Thus, as a first approach, processor 200 automatically, internally,
controls the power consumed by its components. As a second approach,
processor 200 provides hardware and software hooks so that it can be
ordered externally to a low power state as part of the system design. The
two approaches complement each other. The hooks for system designers and
software writers are easily used to place processor 200 into a low power
state when they deem that it would be desirable to do so. The automatic
features, on the other hand, work in a manner that is transparent to the
user when processor 200 is not in the low power mode and certain
conditions are met.
FIG. 3 illustrates a detailed block diagram of automatic floating point
unit power down circuitry of the processor. This scheme falls under the
category of micro-level system/software invisible power management. In
FIG. 3, it can be seen that instructions 310 enter decoder 320 where they
are decoded. In turn, the decoded floating instructions 330 are provided
by decoder 320 to floating point pipeline 340 and to floating point
control state machine 350. Based upon the decoded floating point
instructions 330, floating point control state machine 350 provides
control signals 360 to floating point pipeline 340. Control signals 360
control progress of each decoded floating point instruction 330 through
floating point pipeline 340 until a floating point result 390 is output
from pipeline 340. For one embodiment of processor 200, Floating Point
Unit (FPU) 290 is an integral part of the chip and shares part of the
integer pipeline.
The power saving technique employed in FPU 290 is to use AND gate 380 to
disable free running clock 370 to floating point pipeline 340 when no
floating point instructions are being executed. This results in
significant power savings for applications that are not floating point
intensive. Free running clock 370 is enabled when decoder 320 decodes a
floating point instruction. A part of the floating point control unit 350
keeps track of the progress of the instructions through the floating point
pipeline 340, and is always clocked. The output control signals 360 are
signals that indicate there is an active floating point instruction in the
pipeline 340. As long as any one of these signals are asserted, the
floating point pipeline 340 is clocked. Once it is indicated that the FPU
has gone back into an idle state (i.e., there are no more instructions in
pipeline 340), the control signals 360 are shut down, and the floating
point control unit logic 350 waits for the next floating point instruction
to be decoded. Because there is no latency associated with powering up the
FPU, it is totally transparent to the external user.

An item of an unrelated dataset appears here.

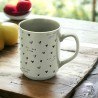 Kubek 340ml tradycyjny uniwersalny kawa herbata SERCE BL-4601-3 Kubek 340ml tradycyjny uniwersalny kawa herbata SERCE BL-4601-3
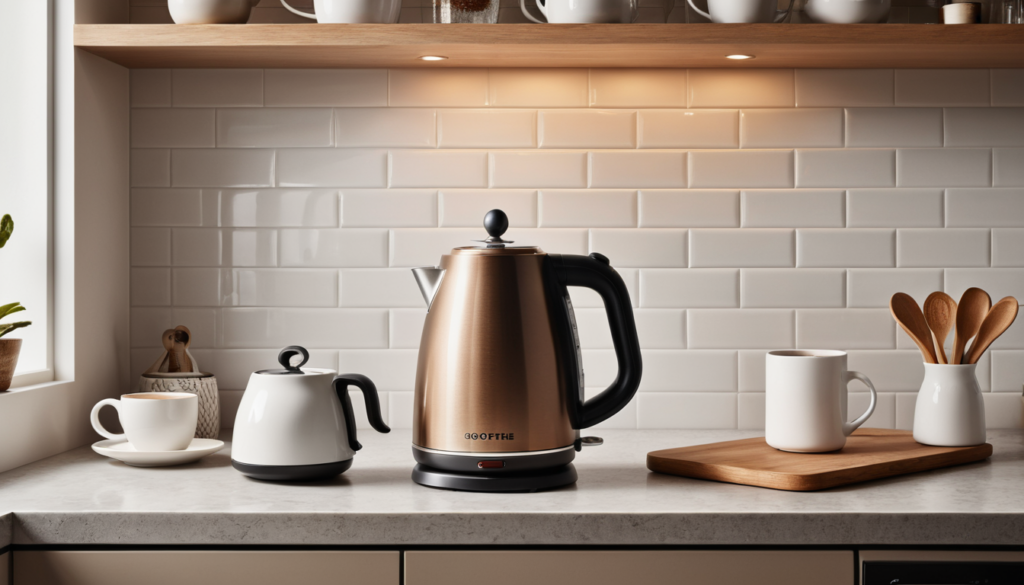 Electric Gooseneck Kettle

During the fetch stage, one does not know what type of instruction is being
fetched. There is one decoder for both the integer and the floating point
pipelines. If an integer instruction is decoded, it is sent off to the
integer arithmetic logic units (ALUs). If a floating point instruction is
decoded, decoder 320 sends the instruction off to floating point pipeline
340. At the end of the decode stage is the point where floating point
pipeline 340 has power restored if a floating point instruction has been
decoded. Between the decode and the execution stages, floating point
pipeline 340 has enough time to power up.
Thus, floating point pipeline 340 is powered down until decoder 320
identifies a floating point instruction. Once the floating point
instruction retires from floating point pipeline 340, pipeline 340 will
remain powered if another floating point instruction has been decoded. On
the other hand, if another floating point instruction has not been
decoded, then floating point pipeline 340 will be powered down until the
next instruction is detected by decoder 320.
For one embodiment, floating point pipeline 340 is considerably deeper than
the integer pipeline, and compatibility requirements mandate precise
exceptions and in-order execution of instructions. This means that if an
instruction faults, then instructions following it cannot execute until
the fault handler has been executed. In order to avoid substantial
performance loss by stalling instructions until the status of a preceding
instruction is known, a mechanism called SIR (Safe Instruction
Recognition) is implemented in this embodiment. The SIR mechanism
determines whether a floating point instruction is guaranteed to complete
without faulting (some are), and such instructions are called "safe."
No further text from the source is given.